Unlike large molecular weight growth factors, such as FGF and neurotrophins, which do not readily pass the blood brain barrier and induce untoward side effects in humans [77], APα with a steroidal chemical structure, 3a-hydroxy-5α-pregnan-20-one, and low molecular weight of 318.49, easily penetrates the blood brain barrier. Our discovery that APα is a proliferative agent for neural progenitor cells in vitro and in vivo suggests that APα could act to promote proliferation in the AD brain. Further, the very preliminary finding that APα could delay or diminish AD pathology burden suggests that APα could be a multifaceted regenerative therapeutic to both promote the mechanisms of cellular regeneration while diminishing the degenerative barriers to regeneration.

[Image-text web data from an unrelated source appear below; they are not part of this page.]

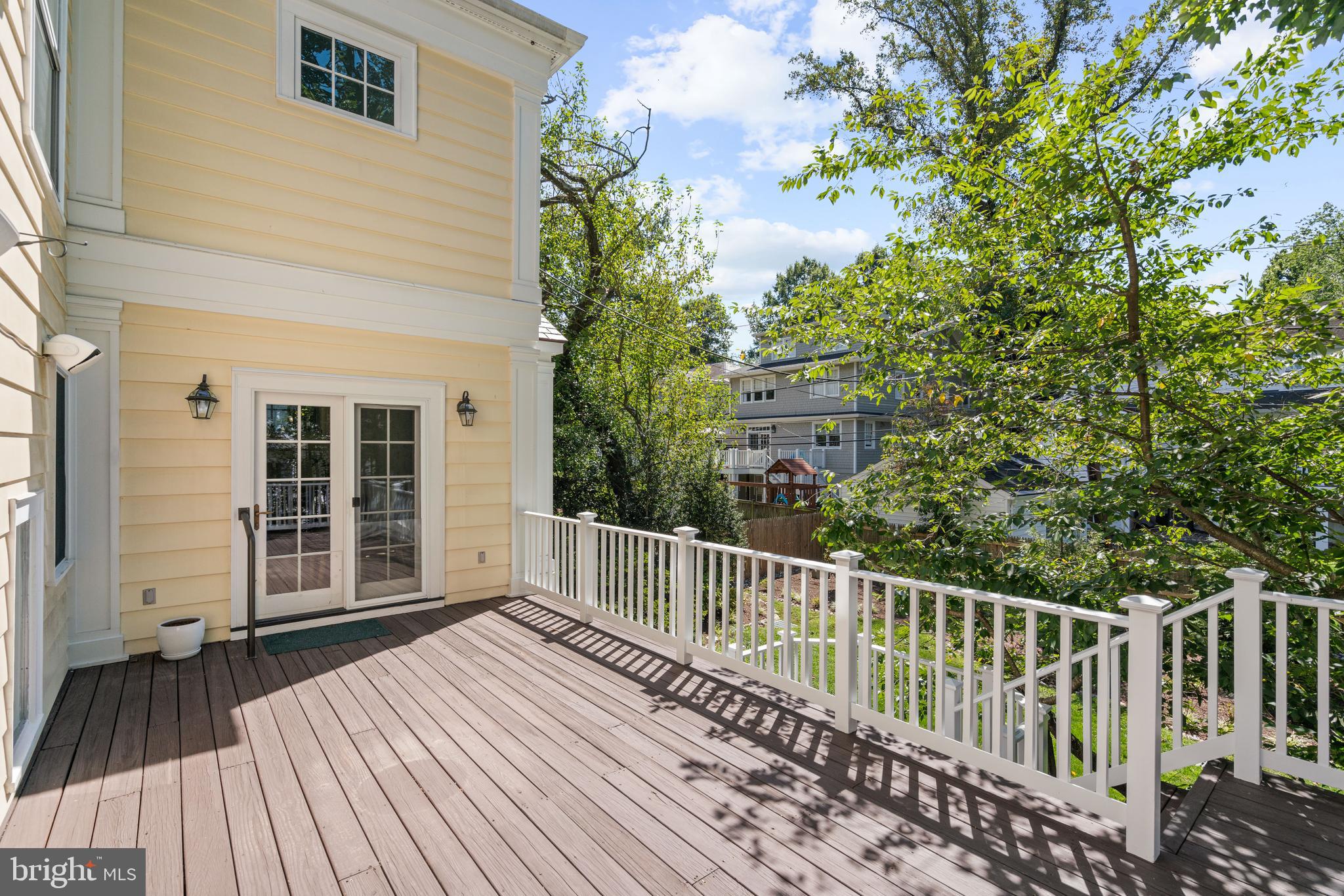 CHEVY CHASE VILLAGE - Residential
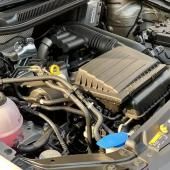 открытый капот на Фольксвагене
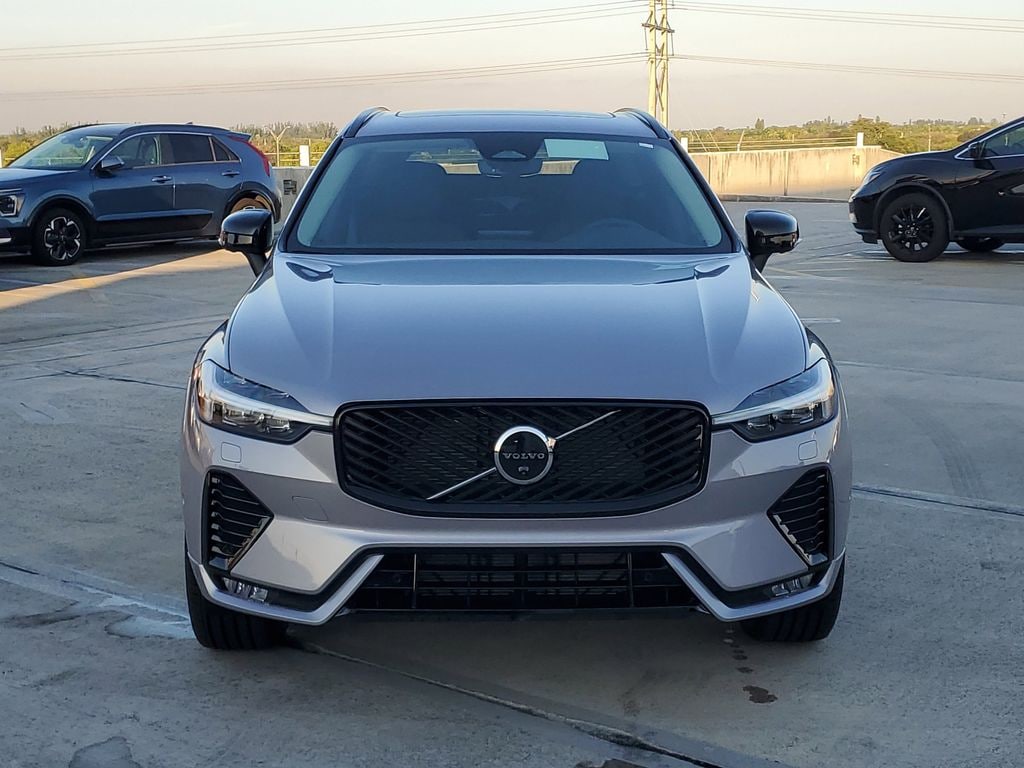 New 2026 Volvo XC60 B5 Plus SUV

A neurodegenerative disease that may serve as an initial proof of concept for neural stem cell mediated regeneration is Parkinson’s disease. Compared to AD, neurodegeneration in Parkinson's disease is more tractable, as degeneration of a specific type of neuron in a specific locale, dopaminergicneurons in the substantia nigra, occurs. The most successful clinical example for using progenitor cell or embryonic tissue to combat neurodegenerative disease is the implantation of embryonic fetal mesencephalic tissue into a cavity of Parkinson's disease patient’s caudate nucleus. Results of these trials indicate different magnitudes of benefit that remained apparent at 5 -10 years following cell implants [78-82].

Our therapeutic approach would be to forego cell implants for promoting endogenous proliferation of neural progenitor cells within the brain, which, although in low abundance, could be induced to proliferate. Moreover, we advocate a small molecule approach, rather than large molecular weight peptide growth factors which are unlikely to cross the blood brain barrier. Thus far, APα appears to be a promising regenerative therapeutic candidate for promoting cellular regeneration in a neurodegenerative disease that requires regeneration in multiple sites and of multiple neural phenotypes and for diminishing the degenerative pathology burden. Our future work will pursue these issues.